Senior Day in Hanover
This year’s crop of seniors can match the record attained by last year’s acclaimed group (29-11) simply by winning their final two games. Dartmouth will have to start by besting a Brown team that is coming off a 27-22 victory over Yale.

The Big Green have enjoyed success recently against the Bears, winning the last three encounters, including last year’s 34-18 triumph, which was not as close as the score would indicate. Dartmouth jumped out to a 21-6 lead by halftime and 34-6 advantage through three quarters before Brown tacked on a pair of late touchdowns in the final five minutes.

DARTMOUTH (4-4, 1-4)
vs. BROWN (3-5, 2-3)
Saturday, Nov. 12, 2016 • Noon
ONE World Sports  
  Live Video Ivy League Digital Network  
  Crew Bill Spaulding (play-by-play), Ken Dunek (analyst)  
  Radio 94.5 ESPN Radio (94.5 FM, 1230 and 1400 AM)
  Crew Adam Giardino (play-by-play), Wayne Young ’72 (analyst)  
  Live Audio Ivy League Digital Network
  Live Stats
  Series Big Green lead 58-31-4  

Dartmouth entered last week’s game at Cornell having dropped four of its last five contests, but called upon some of the fourth-quarter magic it mustered in the season opener, rallying from a 10-point deficit in the final 15 minutes for a 17-13 win.

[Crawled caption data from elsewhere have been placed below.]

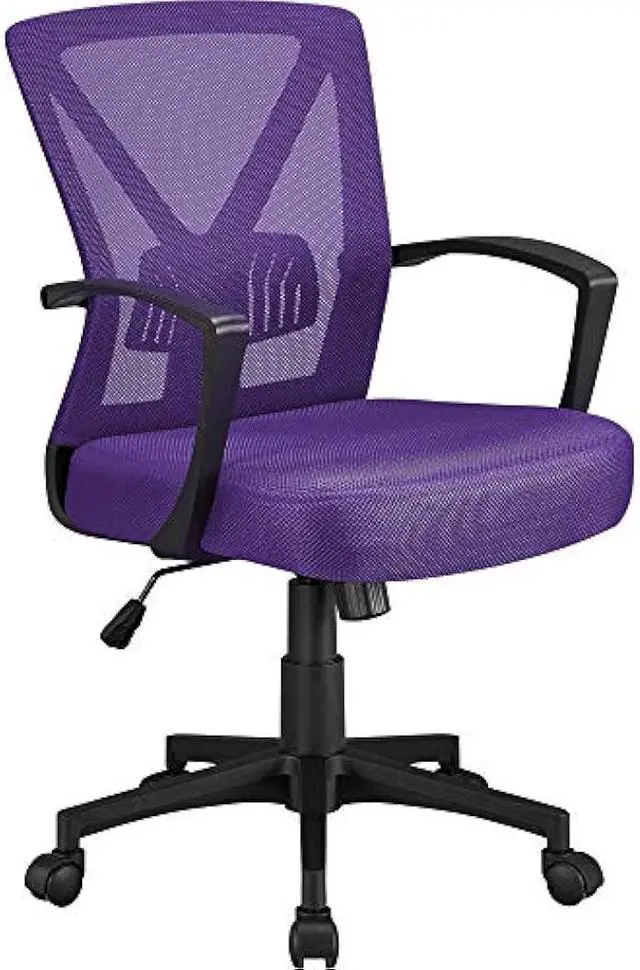 Main image of Yaheetech Mesh Office Desk Chairs Ergonomic Task Chairs with Adjustable Lumbar Support Mid Back Swivel Chair Purple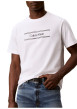 Thumbnail T-shirt en coton blanc à coupe droite pourvu d'un col rond en maille piquée - Image 5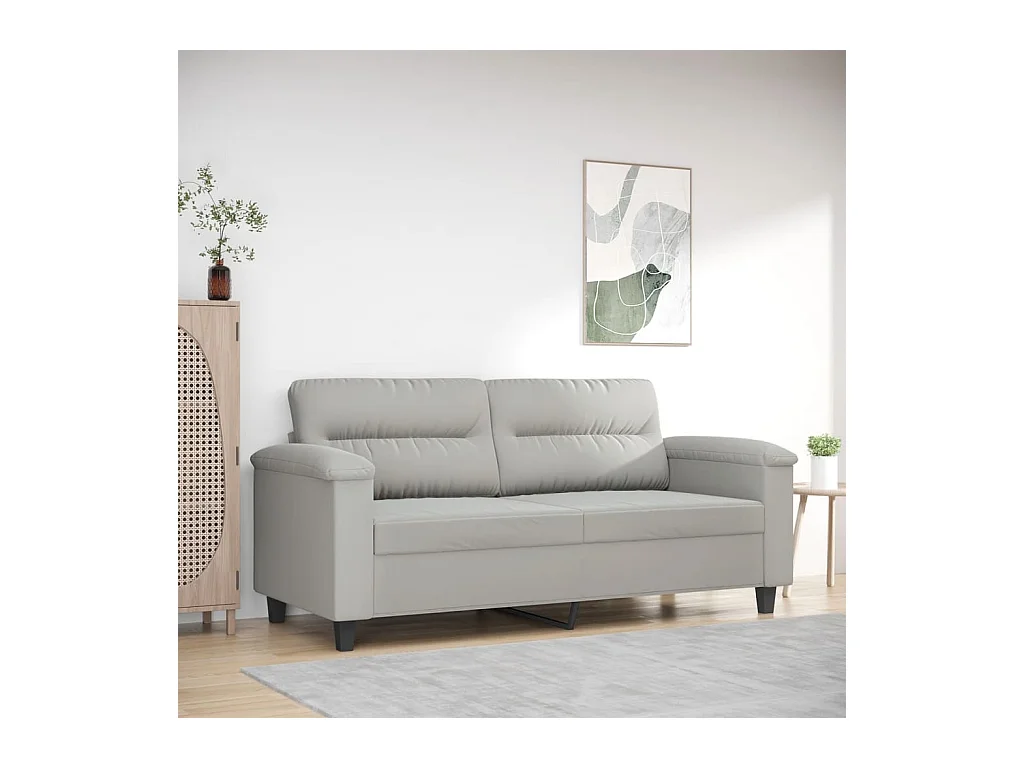 2-Sitzer-Sofa Hellgrau 140 cm Mikrofasergewebe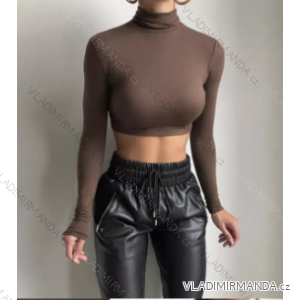 Top croptop s rolákom dlhý rukáv dámsky (S/M ONE SIZE) TALIANSKA MÓDA IMPBB22C26064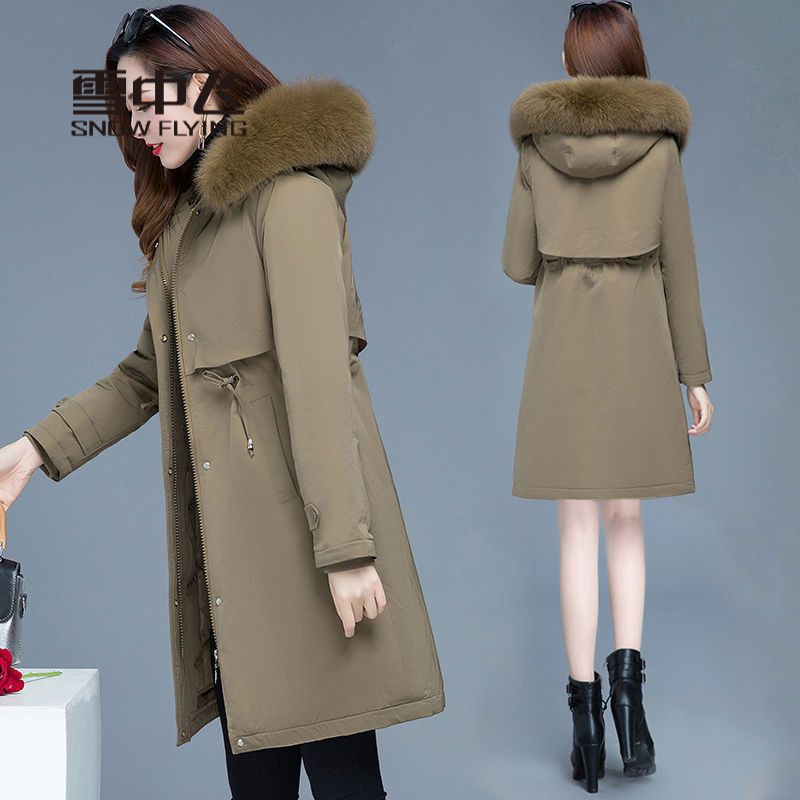 雪中飞羽绒服【加绒加厚】派克服女中长款2023冬季新款时大码显瘦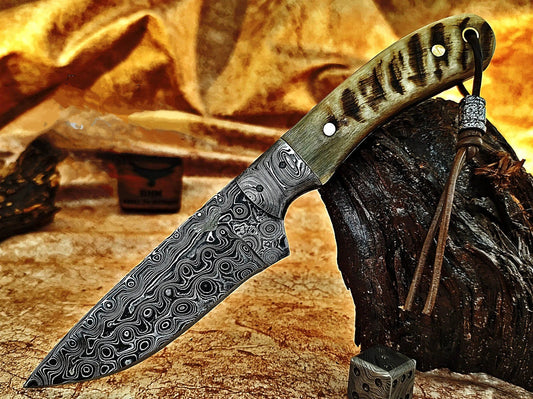 Damascus Steel EDC & Camping Knife & Ram Horn Handle With Bolster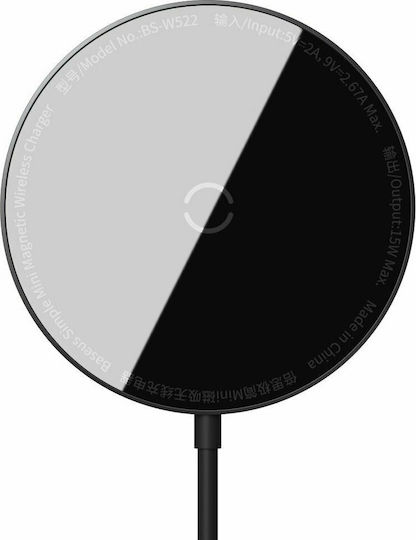 Baseus Φορτιστής Magsafe 15W Μαύρος (Simple Mini Magnetic)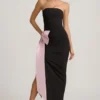 Angelique Strapless Bow-Detail Maxi Dress in Black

Not surprisingly, the return of a solid run game helped the Big Green get back in the win column with 179 yards on the ground. Sophomore RB Miles Smith did the heavy lifting with a career-high 25 carries and his first 100-yard game (119), earning the weekly Gold Helmet Award in the process. His one-yard plunge into the end zone early in the fourth quarter got the comeback going.

The passing game was efficient as QB Jack Heneghan completed two-thirds of his passes (22-33) for 226 yards and a score. His penultimate pass was the game-winner, hitting WR Charles Mack in the end zone from nine yards out with 6:42 to play. Mack has just 12 catches on the year, but three have gone for touchdowns.

Heneghan has spread the ball around this year with WR Hunter Hagdorn leading the team with 37 catches and 489 yards, the latter figure a school record for a freshman. There are also Drew Hunnicutt (29 for 345, 2 TD) and Emory Thompson (22 for 303, 1 TD), and all three had at least five catches at Cornell.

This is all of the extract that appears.